Cyber Incident Victim: U.S. Vision
Date:
Apr 2021
Location:
United States of America
Summary
A cybersecurity incident at U.S. Vision involved unauthorized access to its systems, compromising sensitive patient and employee data including names, Social Security numbers, addresses, dates of birth, health insurance details, medical records, treatment information, and financial data. The breach impacted affiliated eye care practices that relied on the company's administrative services, prompting notifications to affected individuals after an investigation confirmed the scope. The organization responded by securing its network and engaging cybersecurity experts to address the intrusion, which occurred over a multi-week period. Compromised information varied by individual but exposed victims to potential identity theft and fraud risks.
| CIA Posture | Motives | Tactics, Techniques & Procedures |
|---|---|---|
| Available to members | 1 motive | 1 technique |
| Threat Actors | Type | Location |
|---|---|---|
| 0 actors | Available to members | Available to members |
Description
On May 12, 2021, U.S. Vision, Inc. detected suspicious activity within its computer network, prompting the company to secure its systems and engage a third-party cybersecurity firm to investigate the incident. The subsequent investigation determined that an unauthorized actor had accessed U.S. Vision’s systems between April 20, 2021, and May 17, 2021, compromising sensitive patient and employee data. Affected information included full names, Social Security numbers, addresses, dates of birth, taxpayer identification numbers, driver’s license numbers, financial account details, protected health information (including medical record numbers, dates of service, provider names, diagnoses, symptoms, and prescriptions), health insurance data, and billing and claims information. U.S. Vision could not immediately identify which specific individuals were impacted, delaying notification to downstream entities. The breach stemmed from U.S. Vision’s role as an administrative services provider for multiple eye care practices, including Nationwide Optometry, P.C., SightCare, Inc., and Nationwide Vision Center, LLC—entities previously affiliated with U.S. Vision before their 2019 acquisition by Nationwide Optical Group, LLC, which continued relying on U.S. Vision’s systems post-acquisition.

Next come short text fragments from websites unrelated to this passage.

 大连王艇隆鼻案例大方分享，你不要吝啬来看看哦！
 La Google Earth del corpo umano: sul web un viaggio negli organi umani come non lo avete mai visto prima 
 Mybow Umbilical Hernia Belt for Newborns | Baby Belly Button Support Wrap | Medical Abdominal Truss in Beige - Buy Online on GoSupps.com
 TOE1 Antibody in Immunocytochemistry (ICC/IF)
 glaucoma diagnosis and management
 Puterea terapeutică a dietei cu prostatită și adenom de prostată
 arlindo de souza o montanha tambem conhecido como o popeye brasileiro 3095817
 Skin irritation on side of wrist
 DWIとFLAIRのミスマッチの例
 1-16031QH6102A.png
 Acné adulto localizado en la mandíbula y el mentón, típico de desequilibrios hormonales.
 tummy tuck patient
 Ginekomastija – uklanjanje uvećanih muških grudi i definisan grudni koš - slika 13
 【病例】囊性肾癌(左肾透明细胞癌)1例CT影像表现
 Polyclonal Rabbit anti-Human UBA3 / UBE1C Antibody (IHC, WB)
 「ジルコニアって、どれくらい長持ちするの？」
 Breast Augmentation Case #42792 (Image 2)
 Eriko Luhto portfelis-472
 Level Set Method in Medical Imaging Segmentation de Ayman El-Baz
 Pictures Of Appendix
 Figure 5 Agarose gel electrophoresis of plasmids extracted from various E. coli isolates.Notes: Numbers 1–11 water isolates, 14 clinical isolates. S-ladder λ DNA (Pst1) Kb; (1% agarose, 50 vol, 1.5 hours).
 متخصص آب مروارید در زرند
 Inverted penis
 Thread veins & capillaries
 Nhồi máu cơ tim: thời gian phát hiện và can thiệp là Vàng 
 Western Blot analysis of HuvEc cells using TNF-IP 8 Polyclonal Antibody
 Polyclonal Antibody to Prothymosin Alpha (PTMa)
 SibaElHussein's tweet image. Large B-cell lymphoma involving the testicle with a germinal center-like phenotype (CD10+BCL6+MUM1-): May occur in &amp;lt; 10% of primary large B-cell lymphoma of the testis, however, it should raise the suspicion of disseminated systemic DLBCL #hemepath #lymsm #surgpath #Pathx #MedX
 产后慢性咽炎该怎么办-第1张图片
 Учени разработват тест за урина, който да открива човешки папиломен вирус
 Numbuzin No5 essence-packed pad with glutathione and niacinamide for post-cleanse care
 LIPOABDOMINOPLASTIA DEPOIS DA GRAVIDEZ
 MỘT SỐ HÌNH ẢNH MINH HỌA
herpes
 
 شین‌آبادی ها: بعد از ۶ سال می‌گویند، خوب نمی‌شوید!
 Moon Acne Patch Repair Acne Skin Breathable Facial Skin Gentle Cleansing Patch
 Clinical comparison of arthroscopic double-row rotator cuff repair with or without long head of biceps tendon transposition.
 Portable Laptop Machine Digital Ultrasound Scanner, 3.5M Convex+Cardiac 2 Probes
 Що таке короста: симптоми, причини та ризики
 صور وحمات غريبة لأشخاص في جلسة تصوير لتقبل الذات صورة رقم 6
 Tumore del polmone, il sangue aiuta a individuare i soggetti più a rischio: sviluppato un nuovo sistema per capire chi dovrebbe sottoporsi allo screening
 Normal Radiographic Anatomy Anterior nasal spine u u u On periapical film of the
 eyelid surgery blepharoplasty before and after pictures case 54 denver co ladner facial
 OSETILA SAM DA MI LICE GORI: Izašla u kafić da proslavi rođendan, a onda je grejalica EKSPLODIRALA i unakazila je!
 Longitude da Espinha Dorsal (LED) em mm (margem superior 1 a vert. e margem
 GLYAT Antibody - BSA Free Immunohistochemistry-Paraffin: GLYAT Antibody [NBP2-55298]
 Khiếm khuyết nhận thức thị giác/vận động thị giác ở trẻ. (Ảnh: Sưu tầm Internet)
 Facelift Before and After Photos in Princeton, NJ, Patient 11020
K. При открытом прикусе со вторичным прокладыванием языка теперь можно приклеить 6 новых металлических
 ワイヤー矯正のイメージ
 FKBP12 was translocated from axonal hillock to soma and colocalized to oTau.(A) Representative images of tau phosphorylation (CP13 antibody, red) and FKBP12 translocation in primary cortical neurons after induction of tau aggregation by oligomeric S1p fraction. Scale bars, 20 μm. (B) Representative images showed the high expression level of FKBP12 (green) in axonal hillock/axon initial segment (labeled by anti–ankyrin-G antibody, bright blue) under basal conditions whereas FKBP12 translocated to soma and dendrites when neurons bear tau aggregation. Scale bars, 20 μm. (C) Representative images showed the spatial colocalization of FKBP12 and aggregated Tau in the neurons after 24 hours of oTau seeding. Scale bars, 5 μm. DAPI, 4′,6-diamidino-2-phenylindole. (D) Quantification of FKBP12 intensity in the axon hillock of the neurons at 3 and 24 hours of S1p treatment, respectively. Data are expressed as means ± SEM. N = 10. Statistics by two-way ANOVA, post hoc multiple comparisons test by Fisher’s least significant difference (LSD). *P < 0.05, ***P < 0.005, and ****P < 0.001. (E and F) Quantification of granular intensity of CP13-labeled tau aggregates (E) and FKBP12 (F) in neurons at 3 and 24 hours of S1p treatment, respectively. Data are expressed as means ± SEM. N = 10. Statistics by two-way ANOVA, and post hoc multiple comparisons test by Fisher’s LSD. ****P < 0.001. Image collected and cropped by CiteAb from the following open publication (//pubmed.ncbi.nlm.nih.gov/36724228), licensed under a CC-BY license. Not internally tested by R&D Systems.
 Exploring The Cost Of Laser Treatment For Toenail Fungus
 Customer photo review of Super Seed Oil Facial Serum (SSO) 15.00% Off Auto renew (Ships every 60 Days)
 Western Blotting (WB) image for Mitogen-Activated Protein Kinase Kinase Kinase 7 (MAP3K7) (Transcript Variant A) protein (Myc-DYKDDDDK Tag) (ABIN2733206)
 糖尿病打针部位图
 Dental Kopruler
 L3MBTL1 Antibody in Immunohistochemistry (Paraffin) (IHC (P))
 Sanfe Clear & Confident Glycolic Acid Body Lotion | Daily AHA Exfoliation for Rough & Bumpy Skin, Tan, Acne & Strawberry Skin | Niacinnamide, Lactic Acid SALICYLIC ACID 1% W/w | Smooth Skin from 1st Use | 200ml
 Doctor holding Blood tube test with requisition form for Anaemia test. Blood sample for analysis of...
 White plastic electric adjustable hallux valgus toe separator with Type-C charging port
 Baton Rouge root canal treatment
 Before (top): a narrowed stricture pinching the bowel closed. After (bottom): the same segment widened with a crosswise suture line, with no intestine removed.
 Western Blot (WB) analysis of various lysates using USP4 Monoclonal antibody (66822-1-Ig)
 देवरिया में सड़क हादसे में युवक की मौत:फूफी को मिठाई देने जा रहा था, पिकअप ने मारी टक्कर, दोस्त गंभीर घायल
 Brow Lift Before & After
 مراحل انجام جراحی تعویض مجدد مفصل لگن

U.S. Vision completed its investigation on September 22, 2022, confirming the scope of compromised data and notifying the affected practices. Nationwide Optometry, SightCare, and Nationwide Vision Center subsequently filed breach notices with the Montana Attorney General on October 28, 2022, and mailed individualized data breach letters to impacted patients and employees that same month. The letters detailed the types of exposed information and warned recipients of heightened identity theft and fraud risks. U.S. Vision, founded in 1885, operates optical centers within retail chains like JCPenney and Meijer, employing over 2,700 personnel and generating approximately $300 million annually. The breach exposed administrative and clinical data from practices under both current and former affiliations with U.S. Vision, though the exact number of affected individuals was not disclosed in the filings. No technical specifics regarding the attack vector, containment measures beyond system securing, or threat actor attribution were provided in the Montana Attorney General submissions or subsequent public disclosures by the involved entities.